Chrono24 : Enfin, alors que Bvlgari continue d’innover et de surprendre le monde de la haute horlogerie, qu’est-ce qui vous enthousiasme le plus quant à l’avenir de la marque ? Y a-t-il des projets ou des tendances à venir qui vous galvanisent particulièrement ?
Fabrizio : Nous avons beaucoup de nouveaux projets pour 2026-2027. Nous travaillons sur de nouveaux mouvements, des éditions spéciales et des collaborations avec des artistes majeurs. Nous présenterons des choses très intéressantes dans un avenir proche – des choses folles.
Chrono24 : Des choses folles ? Nous devons donc être vigilants ?
Fabrizio : Oui, exactement. Nos plans peuvent évoluer considérablement et, même si nous devons parfois retarder un projet pour nous assurer qu’il est parfait, cela fait partie du processus. Parfois, nous priorisons aussi des projets parce que nous avons des surprises excitantes en réserve.

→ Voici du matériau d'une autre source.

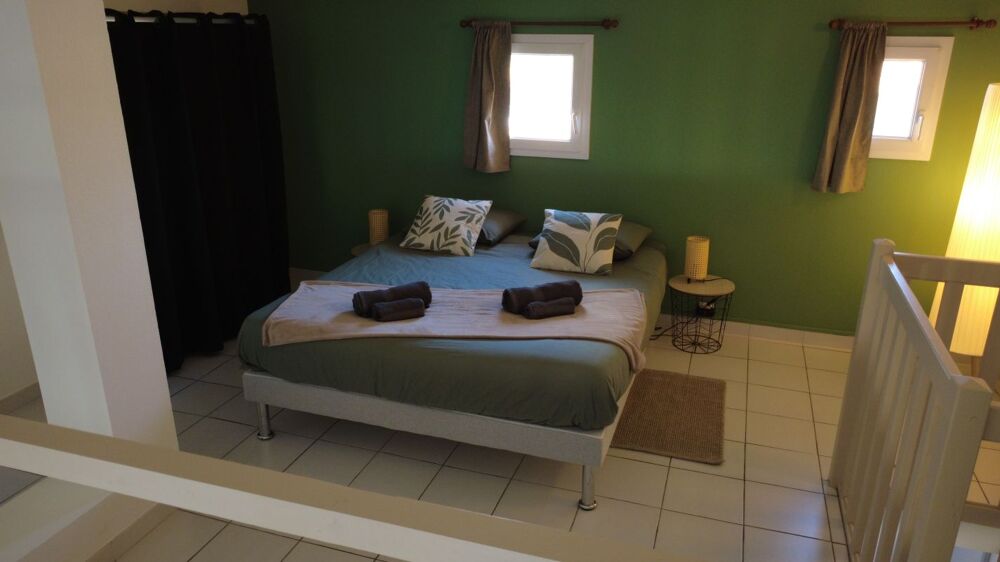Location Appartement 4 Pièces LOCATION SAISONNIERE Vias plage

Et le fait d’accepter ces changements nous ouvre des possibilités extraordinaires.
Chrono24 : Intéressant ! Une dernière question : selon vous, quelles tendances se dégagent dans l’industrie horlogère en général pour 2024 ?

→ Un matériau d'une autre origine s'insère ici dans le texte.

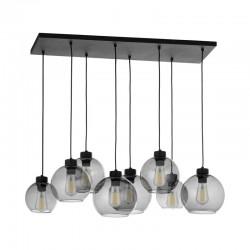 Подвесной светильник TK lighting 4113 Cubus Graphite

Fabrizio : Il est certain que les petites montres sont en vogue, y compris pour les hommes. Cette tendance était forte il y a 2 ou 3 ans, mais aujourd’hui tout le monde s’intéresse aux petites montres.
De nouvelles tendances émergent chaque année et il est impossible de les suivre toutes. Il est important de ne pas trop s’éparpiller en tant que marque.
Personnellement, je ne me concentre pas particulièrement sur les tendances, car en les suivant, on a toujours un temps de retard. Il est essentiel de rester fidèle à l’ADN de la marque et d’évaluer si une tendance correspond à son identité et à ses intérêts fondamentaux. Les clients identifient facilement les approches opportunistes. La cohérence avec l’ADN de la marque est plus importante que la chasse aux tendances.
Chrono24 : Fabrizio, merci beaucoup d’avoir partagé votre temps et votre vision avec nous aujourd’hui. J’ai été ravi d’en apprendre davantage sur votre parcours et votre travail chez Bvlgari, Et il nous tarde de connaître la suite.